2. Why this was notable: the prior “policy requirement” carve‑out
Before the change DuckDuckGo’s tracker‑loading protections already prevented many Facebook and Google scripts from loading, but an exception existed that limited how those protections applied to Microsoft scripts due to a policy requirement tied to DuckDuckGo’s use of Bing for search results; DuckDuckGo’s founder publicly acknowledged that limitation in earlier comments [6] [4] [7].
3. The operational detail: most Microsoft scripts blocked, conversion scripts exempted
Practically speaking the new protection blocks Microsoft scripts from loading in “all other contexts,” but DuckDuckGo said it would not, by default, block certain Microsoft conversion‑tracking scripts—such as those served from bat.bing.com—that execute immediately after a user clicks a DuckDuckGo search ad on an advertiser’s site, because advertisers use them to measure whether an ad click resulted in a purchase [2] [3] [5].
4. Transparency moves and published artifacts
Alongside the technical change DuckDuckGo committed to greater transparency: it published tracker blocklists (making them available publicly, including on GitHub) and added a help page explaining tracking protections and what remains unblocked, and it updated store descriptions to warn users that some scripts were previously exempt for contractual reasons [6] [8] [2].

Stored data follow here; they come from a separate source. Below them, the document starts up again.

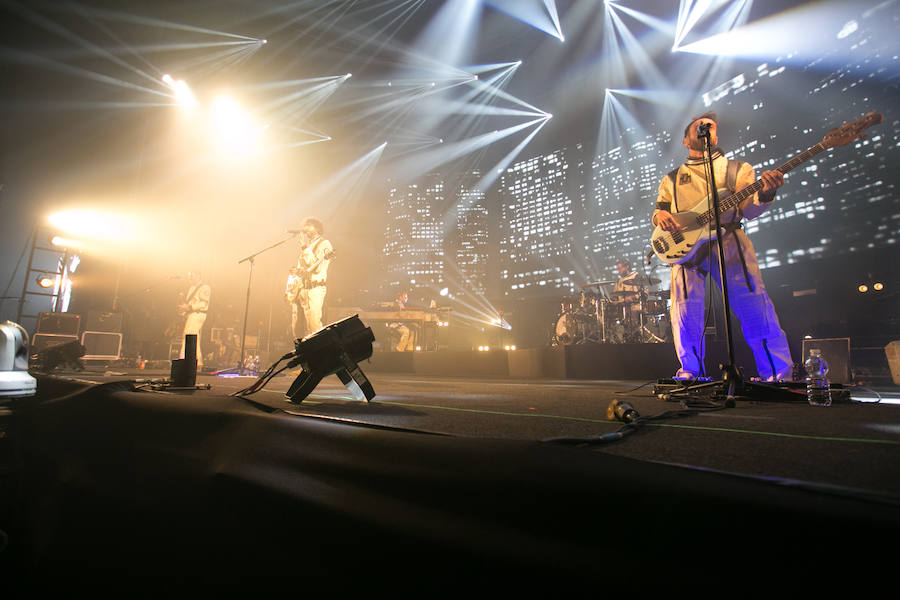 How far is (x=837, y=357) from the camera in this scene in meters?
4.02

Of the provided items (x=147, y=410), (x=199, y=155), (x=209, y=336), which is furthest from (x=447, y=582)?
(x=199, y=155)

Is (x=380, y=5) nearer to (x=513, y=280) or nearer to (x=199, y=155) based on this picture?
(x=199, y=155)

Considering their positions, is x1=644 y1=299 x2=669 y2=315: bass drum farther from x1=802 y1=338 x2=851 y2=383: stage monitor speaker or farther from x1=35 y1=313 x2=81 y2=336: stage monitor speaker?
x1=35 y1=313 x2=81 y2=336: stage monitor speaker

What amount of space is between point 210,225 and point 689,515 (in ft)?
50.4

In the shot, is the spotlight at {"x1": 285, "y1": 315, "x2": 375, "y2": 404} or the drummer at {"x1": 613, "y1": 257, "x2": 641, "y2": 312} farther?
the drummer at {"x1": 613, "y1": 257, "x2": 641, "y2": 312}

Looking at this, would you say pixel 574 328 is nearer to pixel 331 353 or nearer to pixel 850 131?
pixel 850 131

5. Microsoft’s role and competing narratives
Microsoft told reporters it had policy guardrails intended to balance publisher and advertiser needs and that it worked with DuckDuckGo to reach a solution; coverage describes Microsoft relaxing the restriction that had limited DuckDuckGo’s blocking, though reporting also notes DuckDuckGo framed the change as responding to user concerns after earlier criticism [1] [9] [6]. Independent fact‑checks later echoed that DuckDuckGo eliminated the carve‑out in August 2022 and clarified that the DuckDuckGo‑Microsoft advertising partnership on DuckDuckGo’s search pages is distinct from the ad scripts previously allowed on third‑party sites [7] [10].
6. Limits, tradeoffs and the politics underneath
The move improved the default privacy posture for DuckDuckGo users by preventing most Microsoft tracking scripts from loading, but it retained narrowly scoped exceptions for ad conversion measurement and left open that some scripts might still be unblocked in specific ad workflows; those tradeoffs reflect the practical tension between blocking trackers, avoiding site breakage, and maintaining ad measurement for publishers and advertisers—an area where commercial agreements and platform policies can create conflicts between privacy promises and technical implementation [2] [6] [3].